Similarly, the usual {p}-adic evaluation, {\nu_p}, which sends {p^a t} to {p^{-a}}. Here {C = 1} is a valid constant.

These are the two examples one should always keep in mind: with number fields, all valuations look like one of these too. In fact, over {\mathbb Q} it turns out that every valuation “is” one of these two valuations (for a suitable definition of equality). To make this precise:

Definition 3

We say {\left\lvert - \right\rvert_1 \sim \left\lvert - \right\rvert_2} (i.e. two valuations on a field {k} are equivalent) if there exists a constant {k > 0} so that {\left\lvert \alpha \right\rvert_1 = \left\lvert \alpha \right\rvert_2^k} for every {\alpha \in k}.

In particular, for any valuation we can force {C = 2} to hold by taking an equivalent valuation to a sufficient power.

In that case, we obtain the following:

Lemma 4

In a valuation with {C = 2}, the triangle inequality holds.

Proof: First, observe that we can get

\displaystyle  \left\lvert \alpha + \beta \right\rvert \le 2 \max \left\{ \left\lvert \alpha \right\rvert, \left\lvert \beta \right\rvert \right\}.

Applying this inductively, we obtain

\displaystyle  \left\lvert \sum_{i=1}^{2^r} a_i \right\rvert \le 2^r \max_i \left\lvert a_i \right\rvert

or zero-padding,

\displaystyle  \sum_{i=1}^{n} a_i \le 2n\max_i \left\lvert a_i \right\rvert.

From this, one can obtain

\displaystyle  \left\lvert \alpha+\beta \right\rvert^n \le \left\lvert \sum_{j=0}^n \binom nj \alpha^j \beta^{n-j} \right\rvert \le 2(n+1) \sum_{j=0}^n \left\lvert \binom nj \right\rvert \left\lvert \alpha \right\rvert^j \left\lvert \beta \right\rvert^{n-j} \le 4(n+1)\left( \left\lvert \alpha \right\rvert+\left\lvert \beta \right\rvert \right)^n.

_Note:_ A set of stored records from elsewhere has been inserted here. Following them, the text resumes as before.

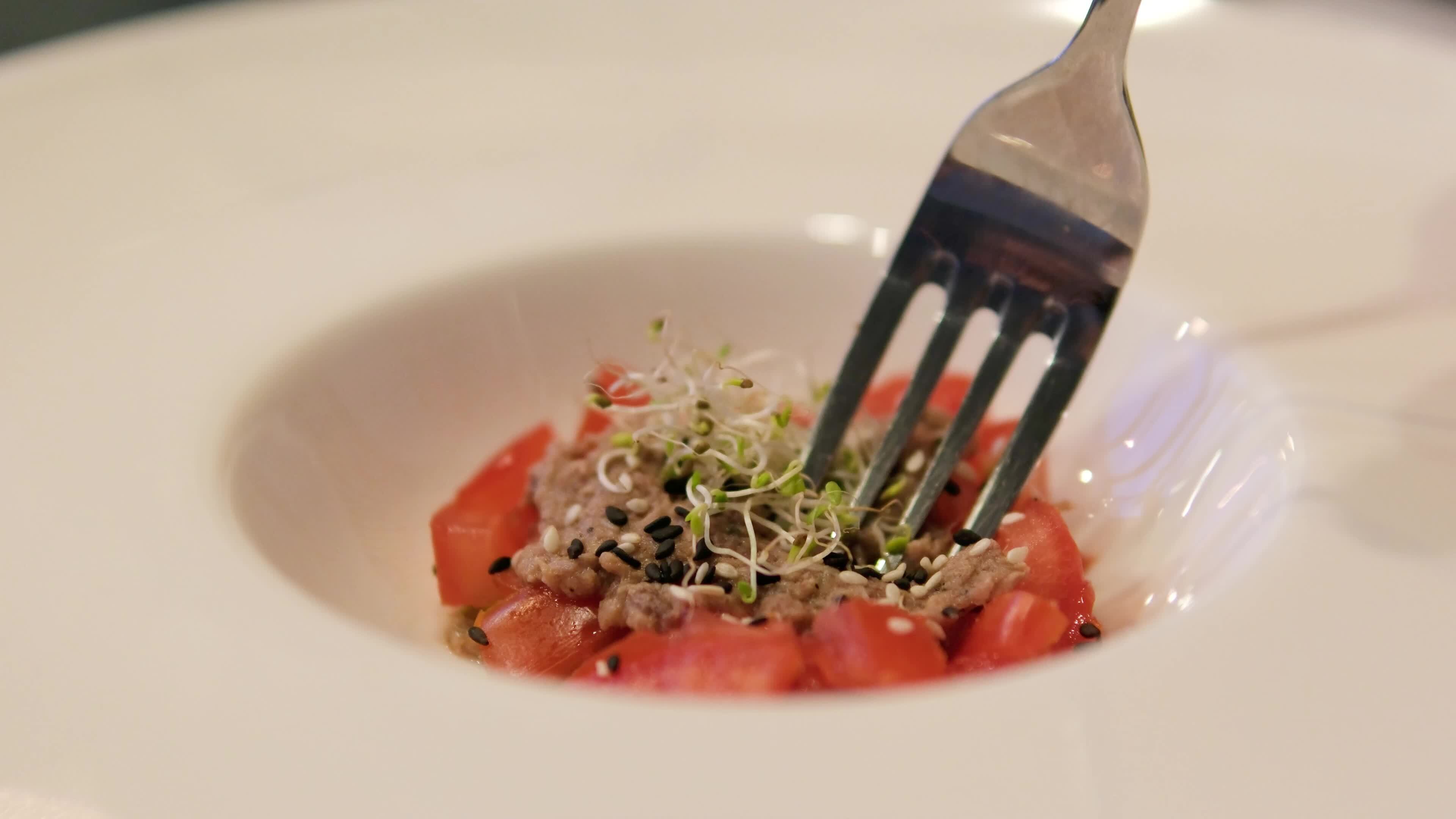 TIMBALE SALAD Ingredients avocado lemon juice tuna in its own juice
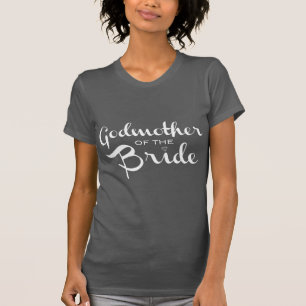 Camiseta Madrina de novia blanca en gris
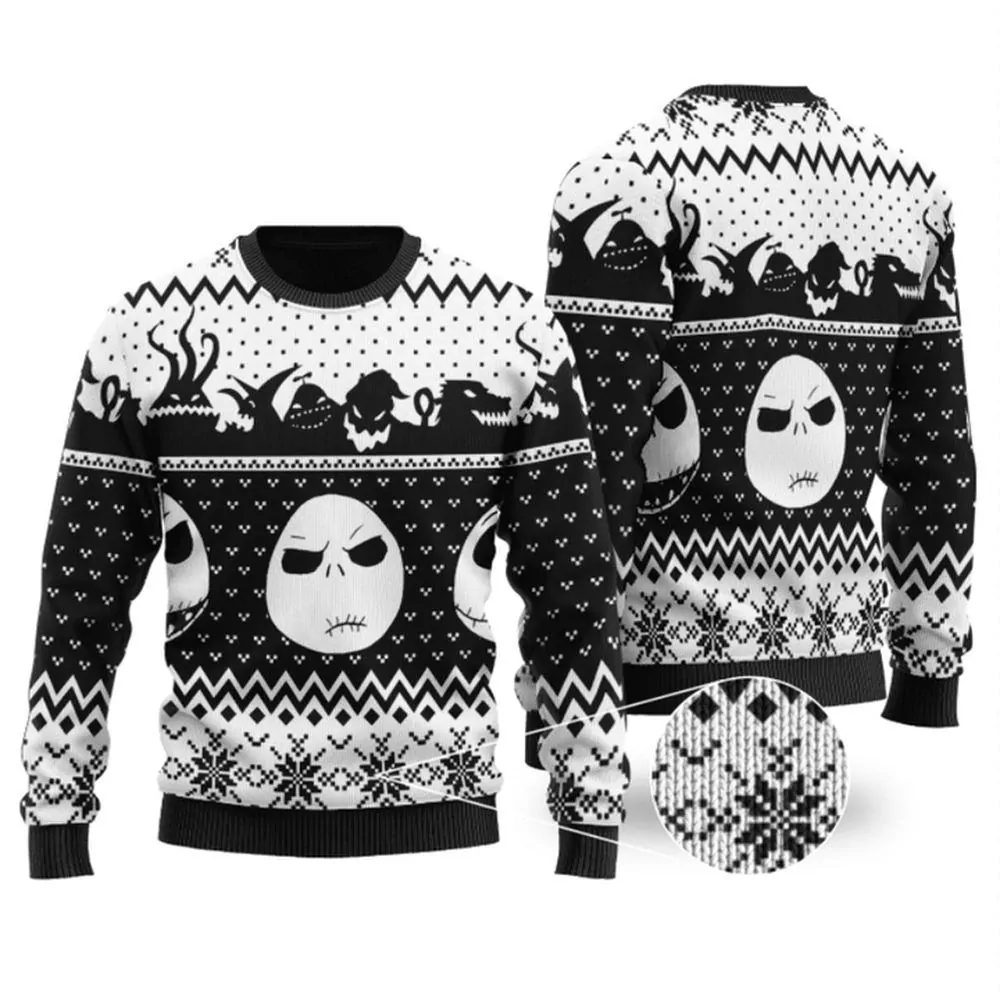 Nightmare Before Christmas 3d ugly sweatshirt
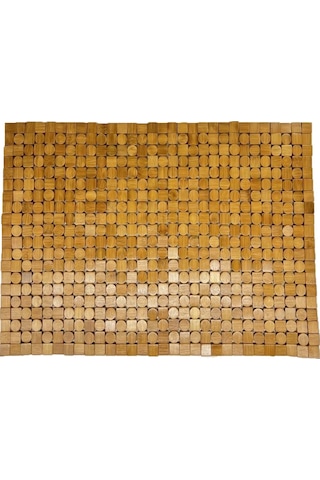 Mien 40 60 Cm Bambu Banyo Matı Açık Kahverengi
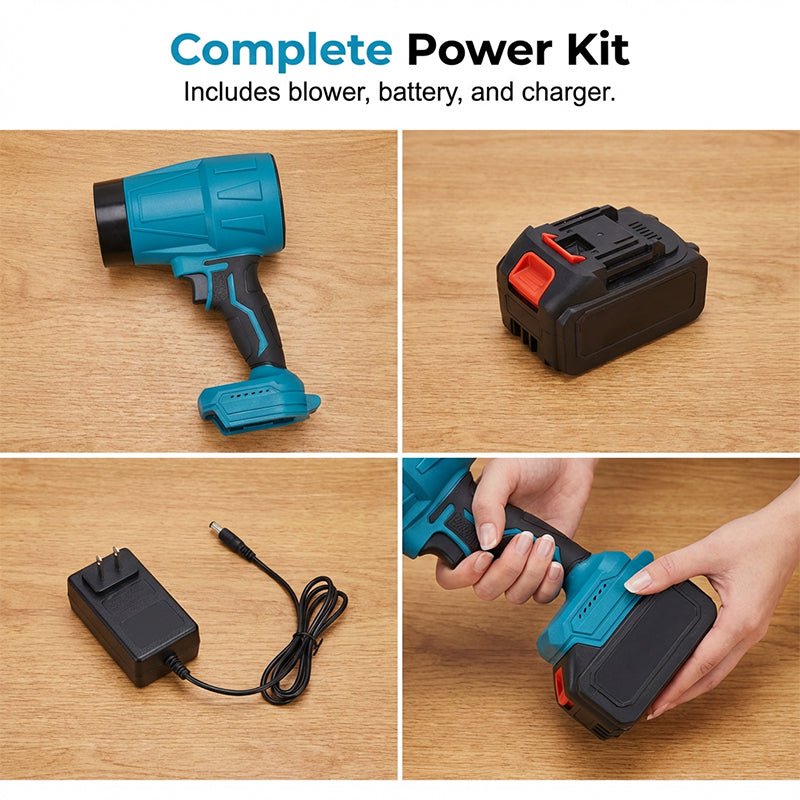 Soffiatore Cordless ad Alta Velocità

Letting {n \rightarrow \infty} completes the proof. \Box

Next, we prove that

Lemma 5

If {\omega^n=1} for some {n}, then{\left\lvert \omega \right\rvert = 1}. In particular, on any finite field the only valuation is the trivial one which sends {0} to {0} and all elements to {1}.

Proof: Immediate, since {\left\lvert \omega \right\rvert^n = 1}. \Box

2. Topological field induced by valuations

Let {k} be a field. Given a valuation on it, we can define a basis of open sets

\displaystyle  \left\{ \alpha \mid \left\lvert \alpha - a \right\rvert < d \right\}

across all {a \in K}, {d \in \mathbb R_{> 0}}. One can check that the same valuation gives rise to the same topological spaces, so it is fine to assume {C = 2} as discussed earlier; thus, in fact we can make {k} into a metric space, with the valuation as the metric.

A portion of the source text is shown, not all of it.